#### Image-caption web data:
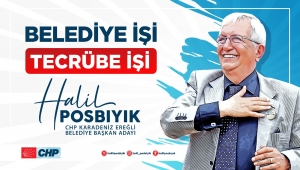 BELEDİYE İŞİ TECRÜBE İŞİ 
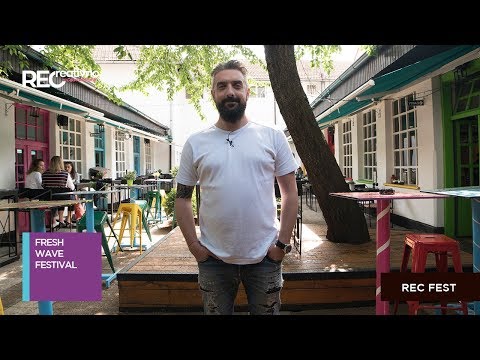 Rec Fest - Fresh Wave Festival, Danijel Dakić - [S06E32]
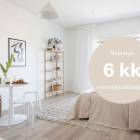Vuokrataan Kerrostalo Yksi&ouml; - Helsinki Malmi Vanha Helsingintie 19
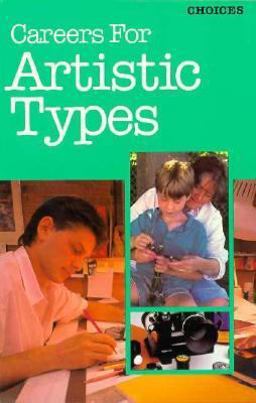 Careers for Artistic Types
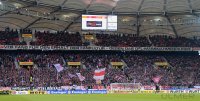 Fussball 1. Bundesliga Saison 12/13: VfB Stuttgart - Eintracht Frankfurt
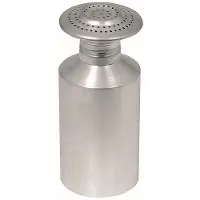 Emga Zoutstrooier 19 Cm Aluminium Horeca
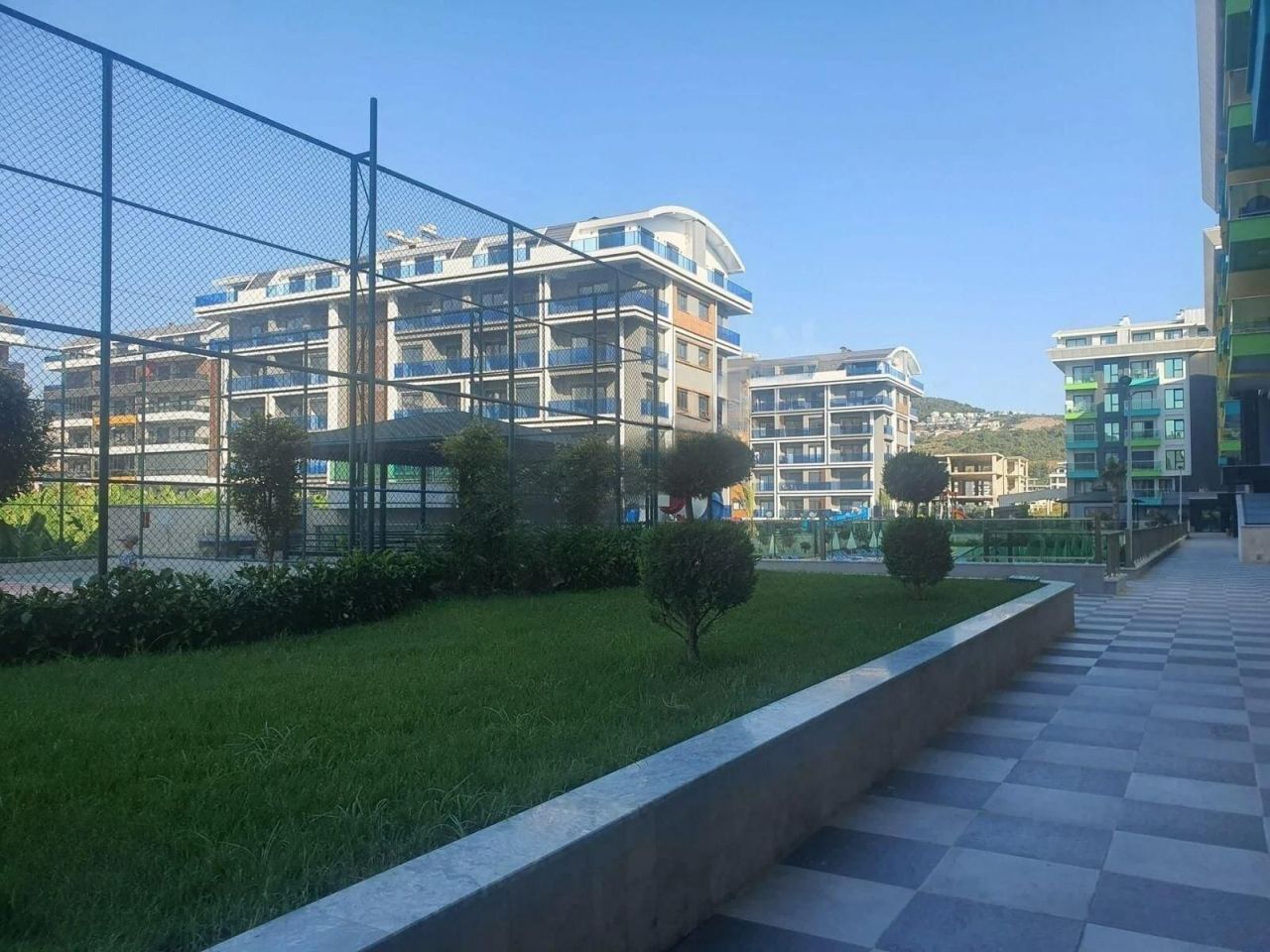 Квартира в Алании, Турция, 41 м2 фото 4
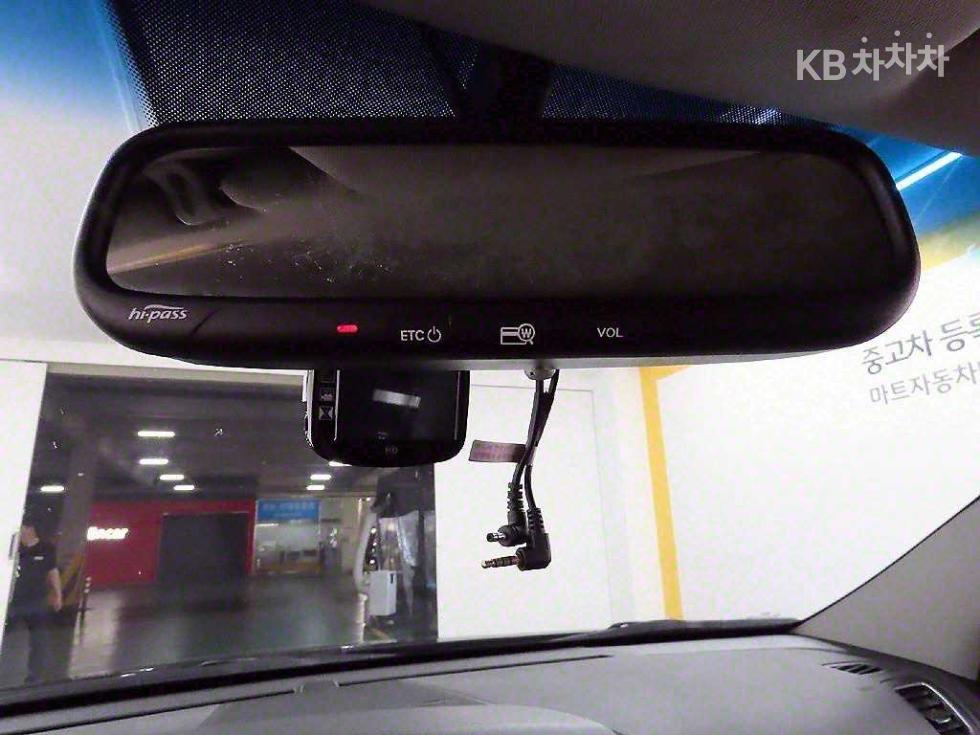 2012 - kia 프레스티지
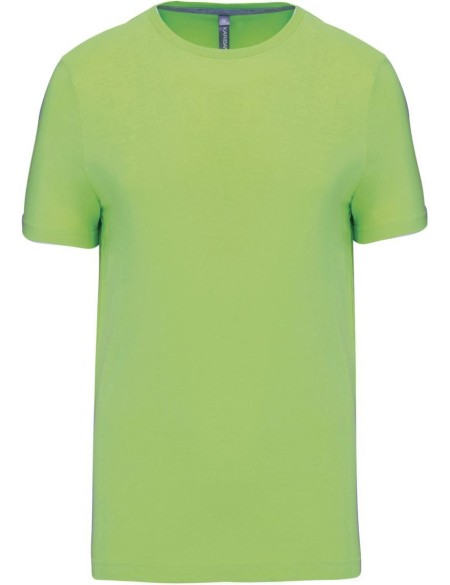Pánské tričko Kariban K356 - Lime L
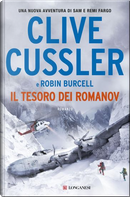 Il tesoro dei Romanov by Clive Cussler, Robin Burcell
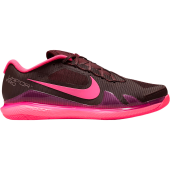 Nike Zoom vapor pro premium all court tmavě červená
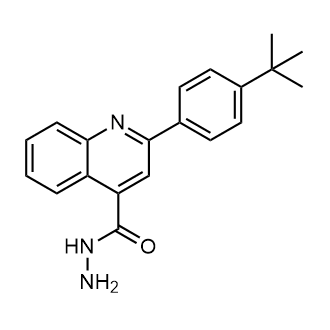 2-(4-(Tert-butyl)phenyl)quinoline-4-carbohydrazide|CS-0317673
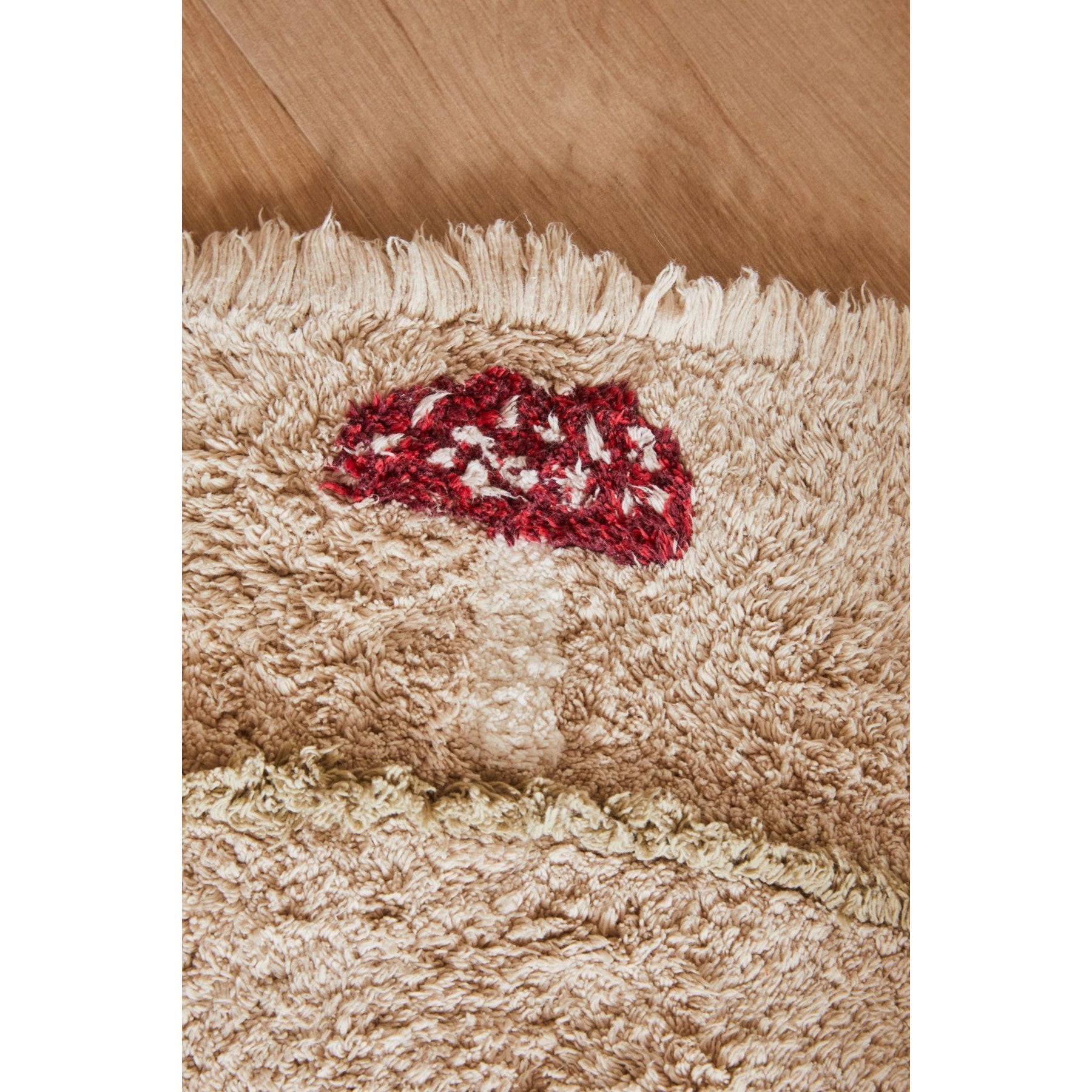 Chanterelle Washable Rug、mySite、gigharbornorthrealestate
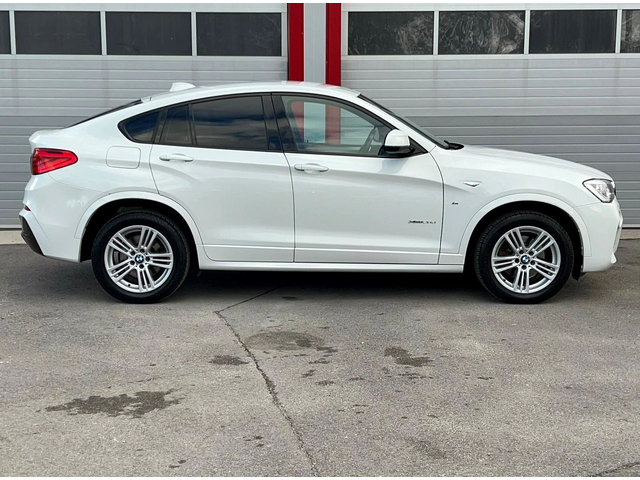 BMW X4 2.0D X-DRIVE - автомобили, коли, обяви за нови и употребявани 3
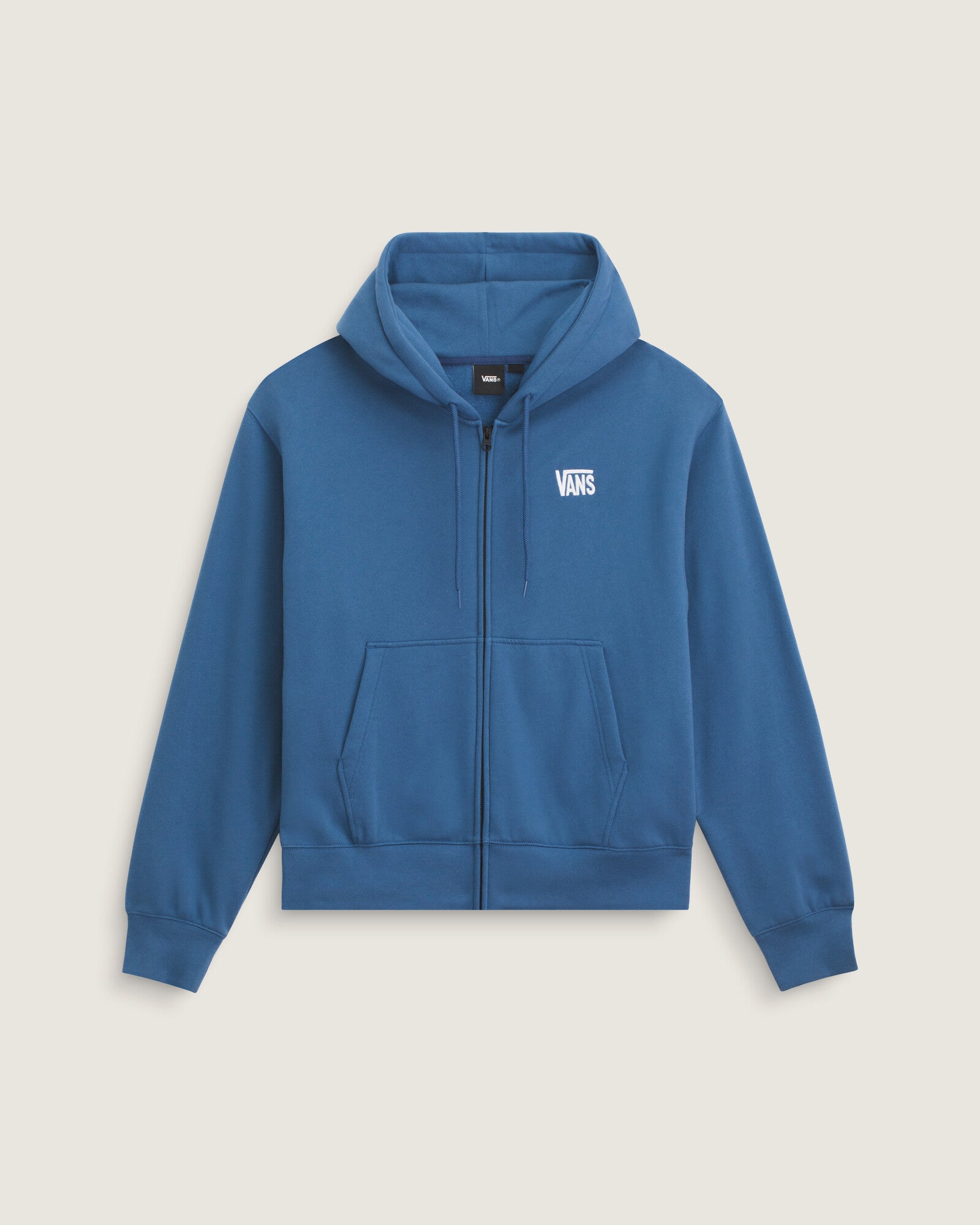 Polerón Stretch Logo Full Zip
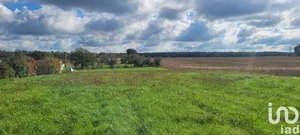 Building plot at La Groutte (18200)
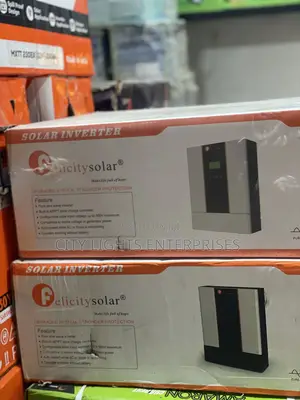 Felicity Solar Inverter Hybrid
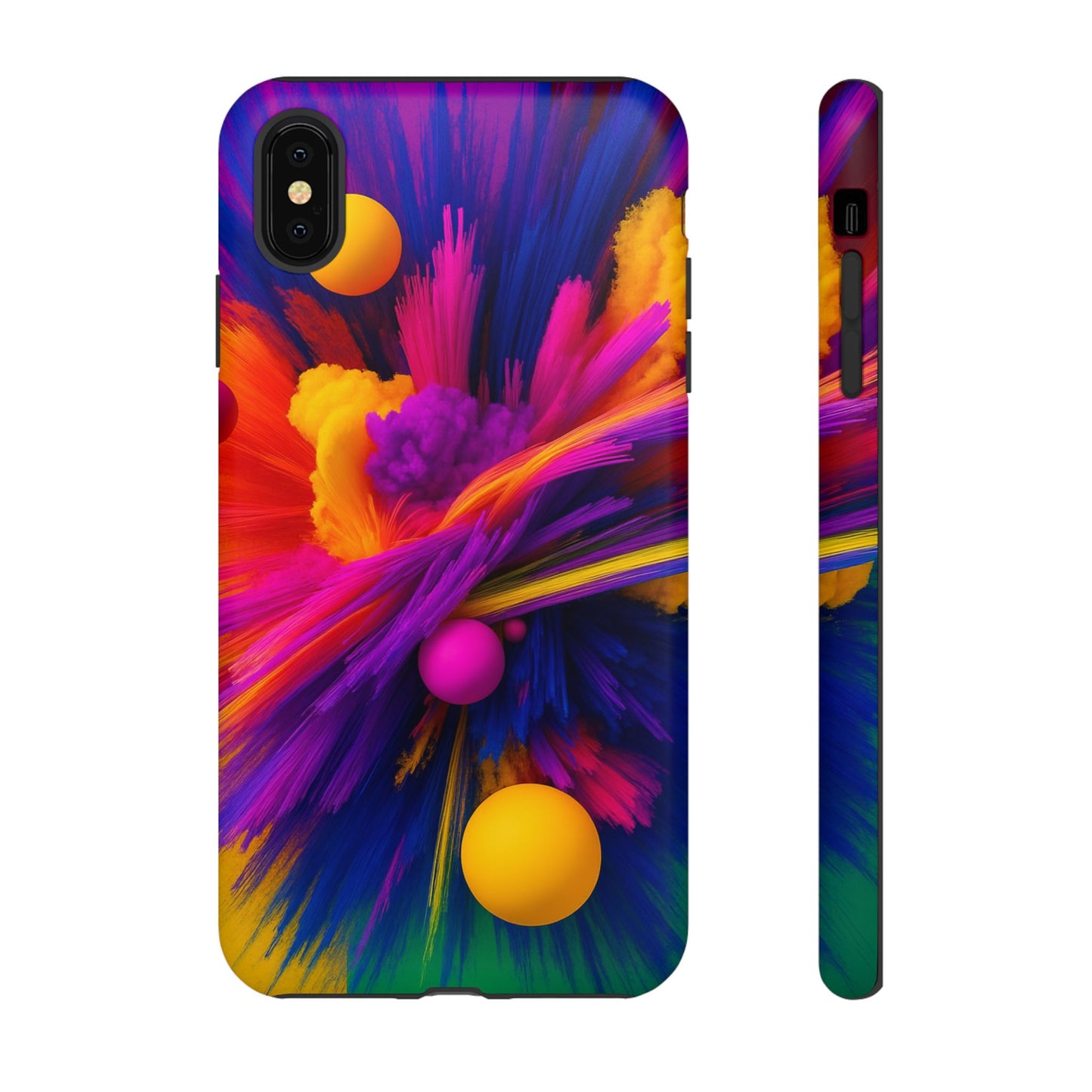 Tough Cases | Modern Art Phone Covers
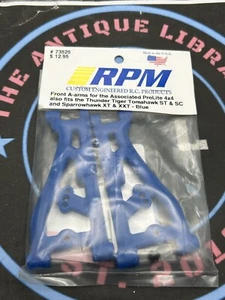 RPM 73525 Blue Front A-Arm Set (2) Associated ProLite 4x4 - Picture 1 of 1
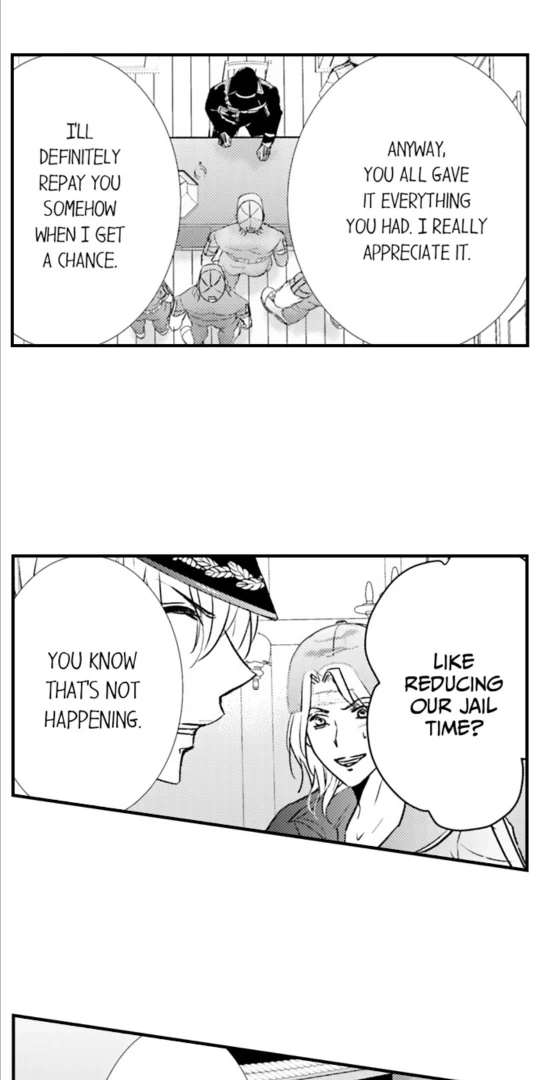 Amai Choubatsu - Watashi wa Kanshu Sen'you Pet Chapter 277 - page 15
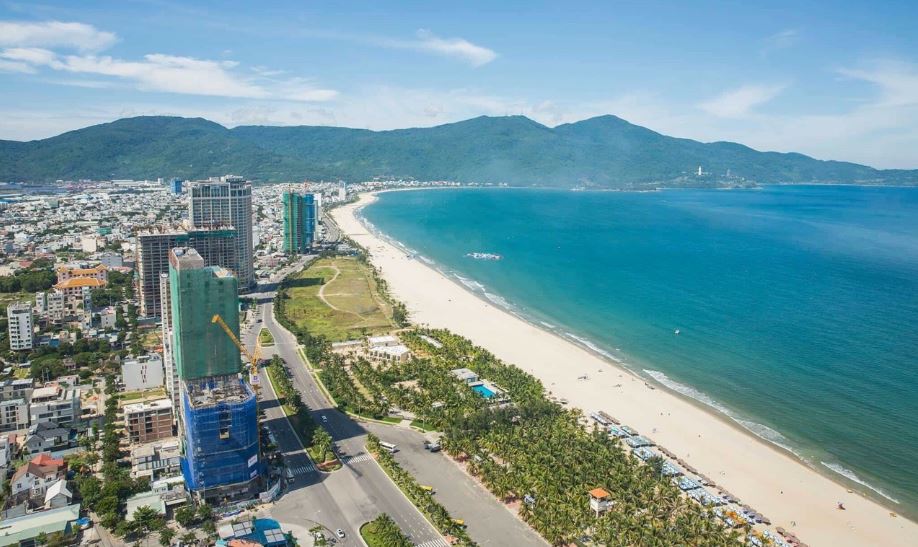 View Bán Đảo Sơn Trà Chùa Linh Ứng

#### Task:
Leave out the pictures and repeat exactly the lines from the one containing "Amai Choubatsu - Watashi" through the last line of the entries.

#### Expected answer:
 Amai Choubatsu - Watashi wa Kanshu Sen'you Pet Chapter 277 - page 15
 View Bán Đảo Sơn Trà Chùa Linh Ứng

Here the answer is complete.